> **HOW TO COMPLETE THIS TASK**: With the pictures left out, return exactly the lines from the one containing "Set of five small wall mirrors in brass." through the end of the listing below.

> **DATASET EXTRACT**:
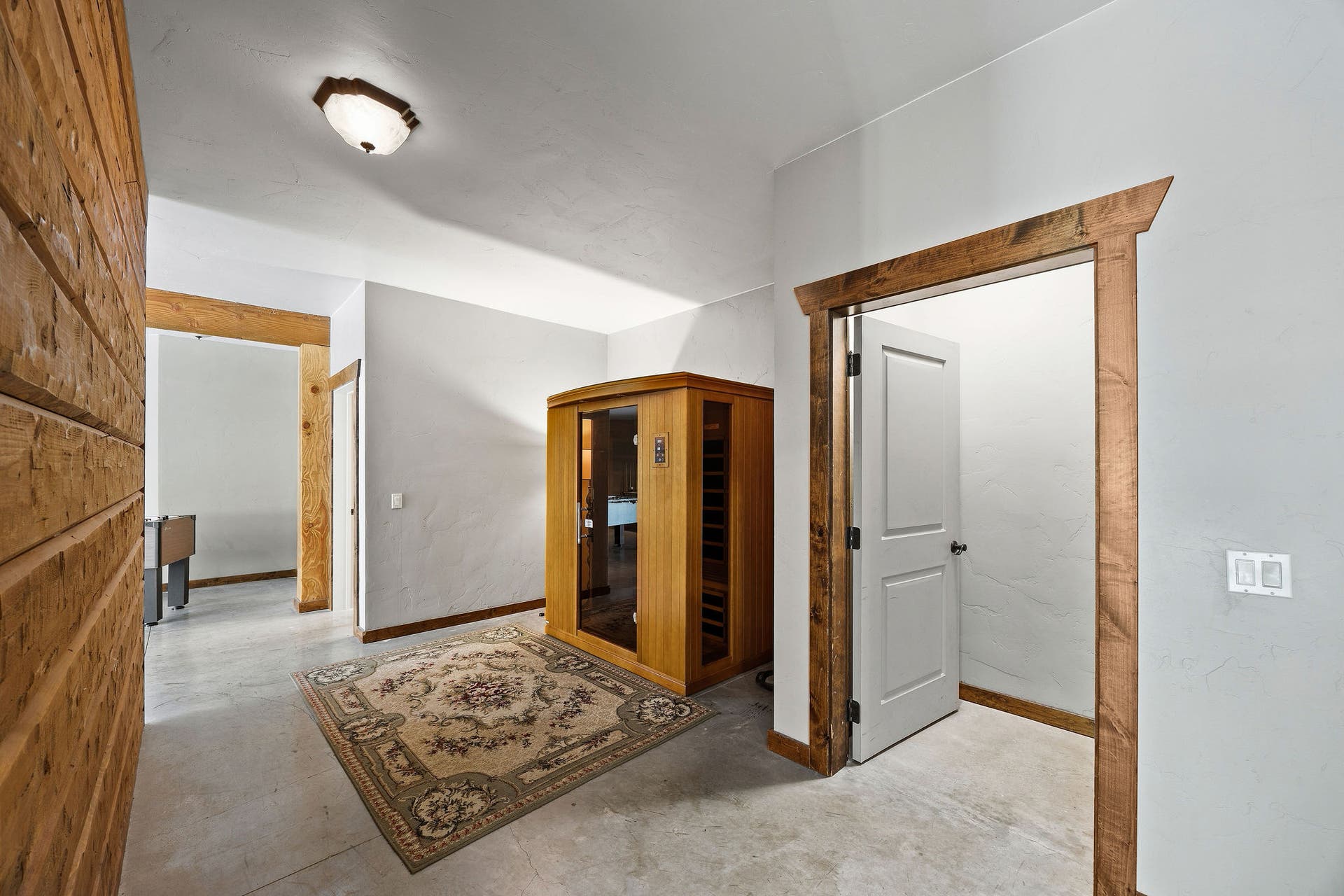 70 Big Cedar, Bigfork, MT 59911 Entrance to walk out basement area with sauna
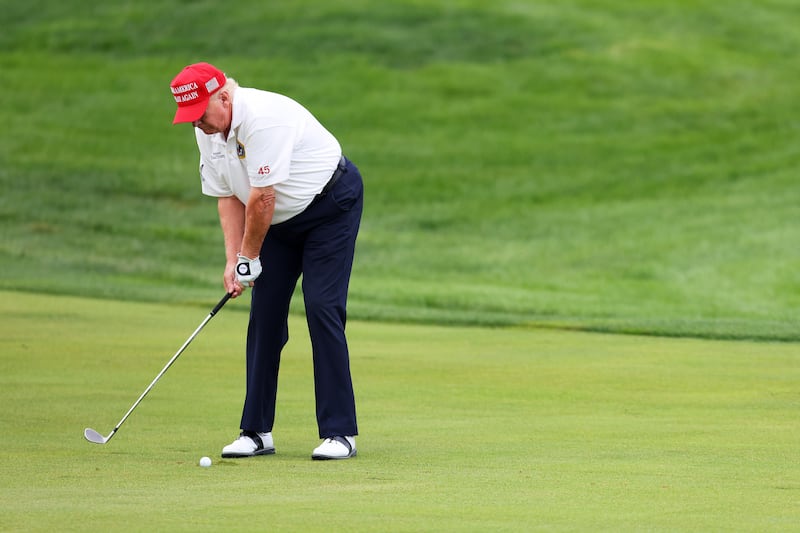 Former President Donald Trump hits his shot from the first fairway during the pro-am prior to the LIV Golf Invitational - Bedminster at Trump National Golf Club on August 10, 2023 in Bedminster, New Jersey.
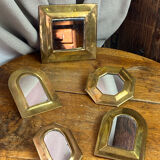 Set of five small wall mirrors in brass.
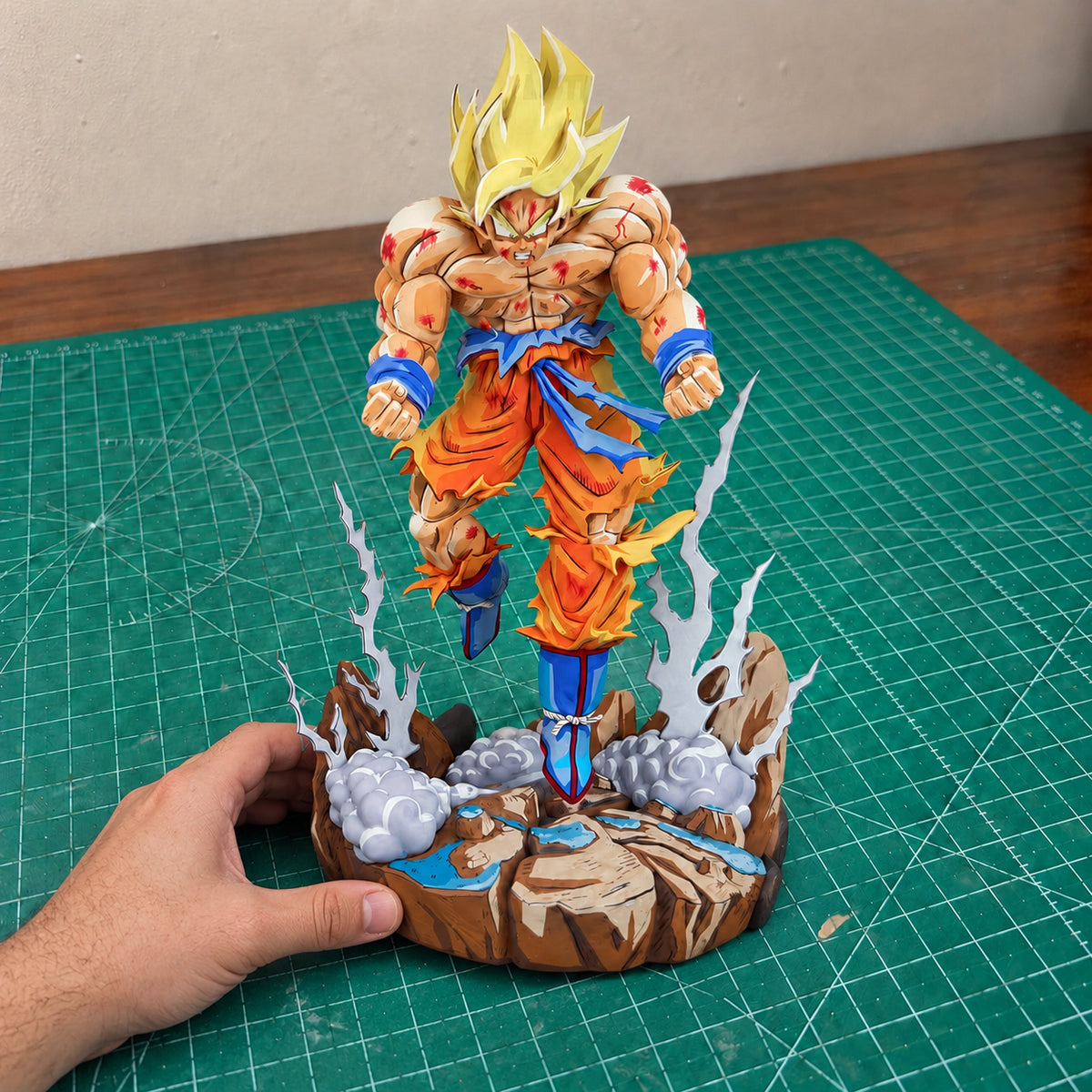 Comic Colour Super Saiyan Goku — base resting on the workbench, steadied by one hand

> **RESULT OF THIS EXERCISE**:
 Set of five small wall mirrors in brass.
 Comic Colour Super Saiyan Goku — base resting on the workbench, steadied by one hand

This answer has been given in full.